## EXERCISE DESCRIPTION
Within the listing below, please copy exactly the lines between the line holding "this 460×259 image." and the line holding "this 600×450 image.", inclusive.

## DATA SHOWN
::::::::::

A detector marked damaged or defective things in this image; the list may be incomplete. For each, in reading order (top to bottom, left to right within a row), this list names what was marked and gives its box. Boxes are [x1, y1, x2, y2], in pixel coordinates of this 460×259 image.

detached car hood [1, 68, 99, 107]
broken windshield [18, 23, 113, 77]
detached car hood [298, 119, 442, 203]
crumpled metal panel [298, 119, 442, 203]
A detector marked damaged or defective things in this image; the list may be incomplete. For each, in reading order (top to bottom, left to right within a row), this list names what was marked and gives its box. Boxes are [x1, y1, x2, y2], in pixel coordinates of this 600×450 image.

::::::::::

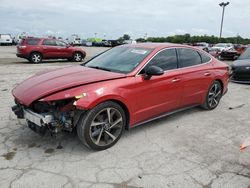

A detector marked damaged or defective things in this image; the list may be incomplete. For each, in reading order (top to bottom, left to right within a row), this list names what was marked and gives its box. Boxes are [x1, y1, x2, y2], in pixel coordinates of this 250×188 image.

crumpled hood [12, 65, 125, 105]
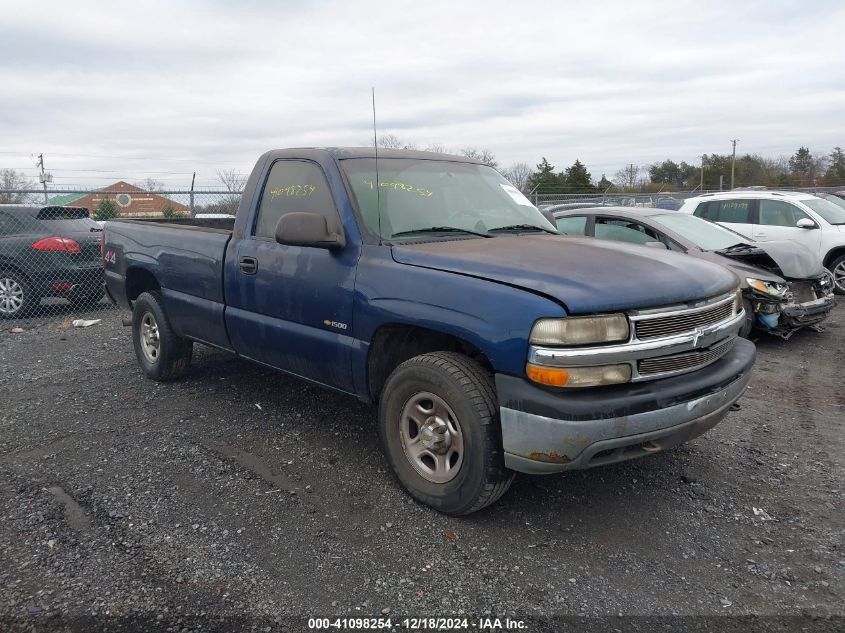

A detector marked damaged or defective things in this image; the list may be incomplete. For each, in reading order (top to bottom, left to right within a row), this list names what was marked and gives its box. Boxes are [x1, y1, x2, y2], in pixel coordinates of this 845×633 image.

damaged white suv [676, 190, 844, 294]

::::::::::

## OUTPUT OF THE TASK
A detector marked damaged or defective things in this image; the list may be incomplete. For each, in reading order (top to bottom, left to right within a row), this list names what was marked and gives its box. Boxes are [x1, y1, x2, y2], in pixel coordinates of this 460×259 image.

detached car hood [1, 68, 99, 107]
broken windshield [18, 23, 113, 77]
detached car hood [298, 119, 442, 203]
crumpled metal panel [298, 119, 442, 203]
A detector marked damaged or defective things in this image; the list may be incomplete. For each, in reading order (top to bottom, left to right within a row), this list names what was marked and gives its box. Boxes are [x1, y1, x2, y2], in pixel coordinates of this 600×450 image.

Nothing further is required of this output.